I can think of two examples that lead to the answer being no.

  • A valid dichotomy would mean in this case that there can't be a group that identifies themselves primarily as advocates of freedom of speech. Surely this kind of group exists.

  • Also dichotomy would require that there isn't a possibility that neither of these are of someones interest. Undoubtedly someone can think that freedom of speech should be restricted without feeling or voting based on belonging to a group.


Freedom of speech is a cornerstone of a democratic society. Limitations to it should be carefully considered - in the end, a society has to stand or fall on the strengths of its people, not on what they are allowed or forbidden to say. Plus, there is the problem of who decides what is hate speech. Why is ridiculing some minorities considered hate speech, yet ridiculing rednecks and hillbillies considered acceptable... even funny?

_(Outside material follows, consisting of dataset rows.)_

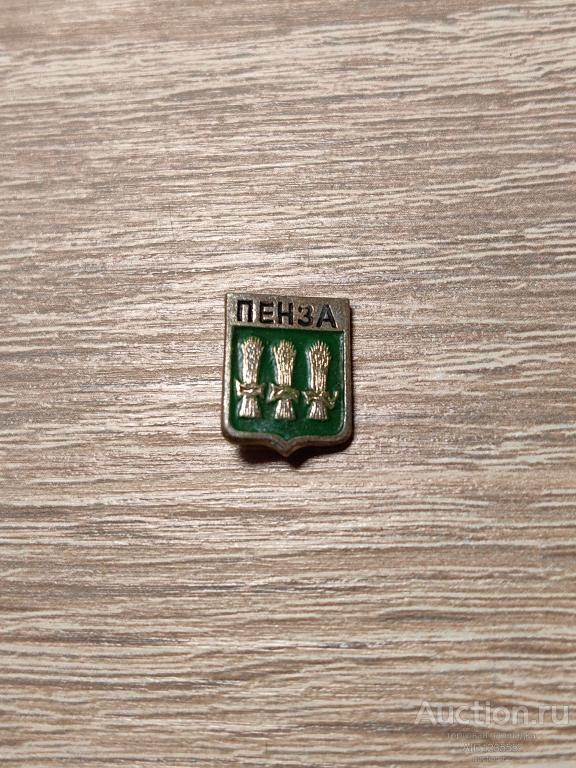 ЗНАК ГОРОД ГЕРБ ПЕНЗА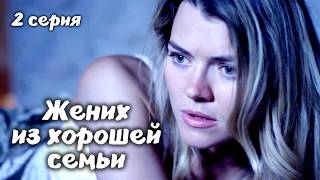 Два брата не поделили девушку / Детектив "Жених из хорошей семьи". 2 серия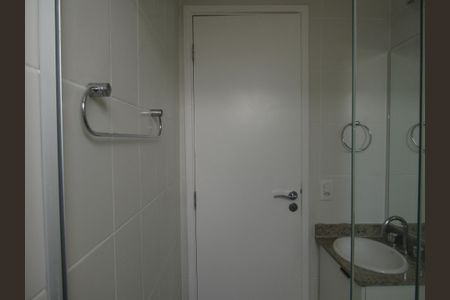 Apartamento à venda com 52m², 2 quartos e 1 vagaBanheiro Social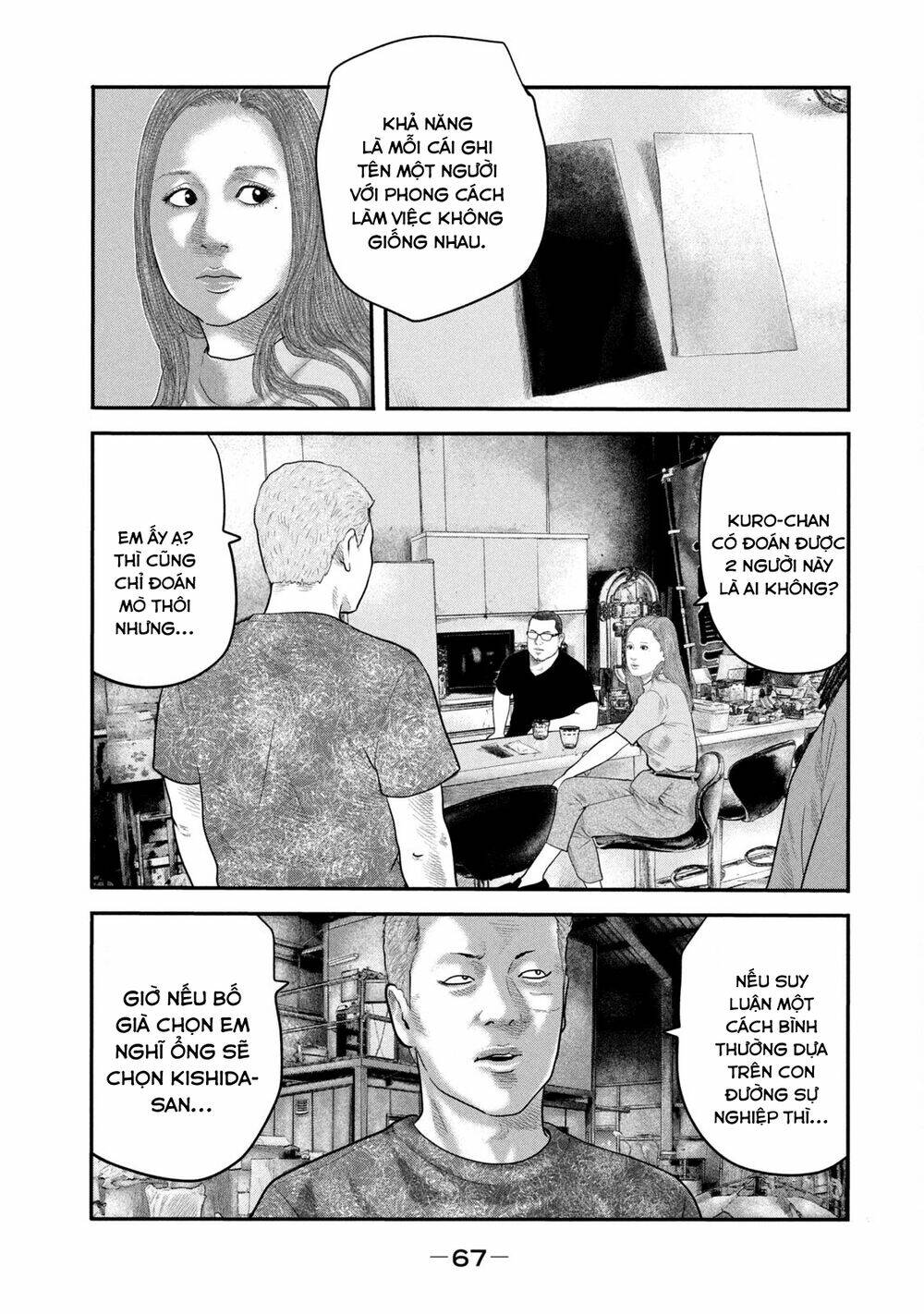 Truyện Tranh Sát Thủ Ẩn Dật - The Second Contact trang 2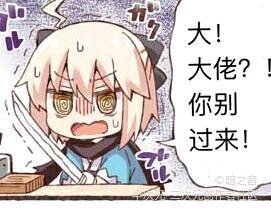 不愧是我微信搞怪二次元表情包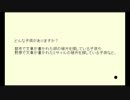 動画で集めたコメントで作ったブログをソフトに読ませる動画 #50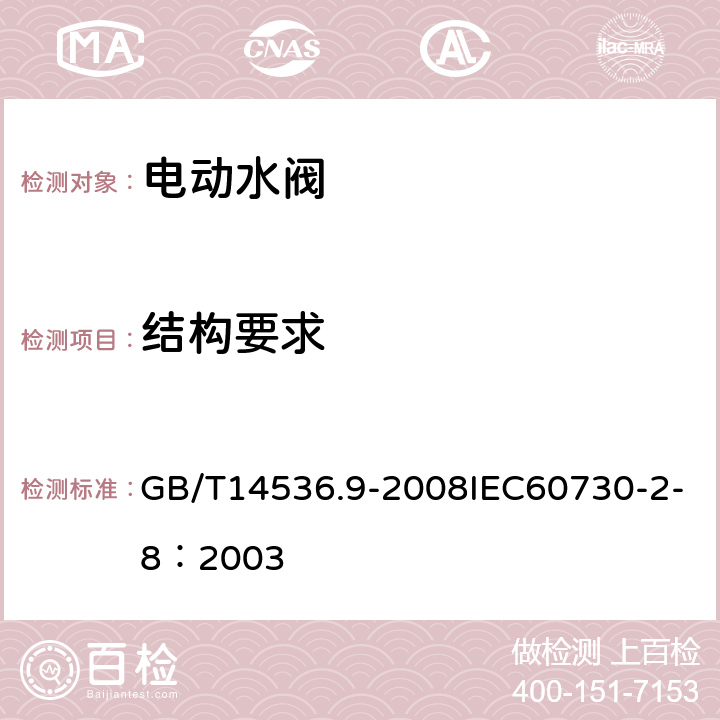 结构要求 家用和类似用途电自动控制器 电动水阀的特殊要求（包括机械要求） GB/T14536.9-2008IEC60730-2-8：2003 11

Hate speech should not be forbidden. It should be broadcast in public, for all to judge and see as originating from stupidity and spite. Forbidding a thought from being spoken will not stop the thought. Only exposing hate thoughts in public and discrediting them with fact, will we eliminate them.

That is what happened with a racial epithet from years past: 'chinaman'. Once used to convey the same inferior, subhuman connotations of racial epithets we fear as hate speech, that term has expired not out of fear, but because Asians have proven it utterly wrong. You'd have to be a complete moron to consider Asians inferior to anyone else today.

What a pity all racial epithets can't simply expire and disappear, like 'chinaman'. Their negative meaning is equally as stupid.

Identity politics is a different matter. It may well be an offshoot of our information age, an attempt to distill down information overload into a simple, easy to understand label.

Identity politics do fit in nicely with the current habit of seeking reinforcement rather than perspective. In the US, the two most popular 'news agencies' both have a distinct political slant. Reinforcement, not perspective, on the part of a lot of people.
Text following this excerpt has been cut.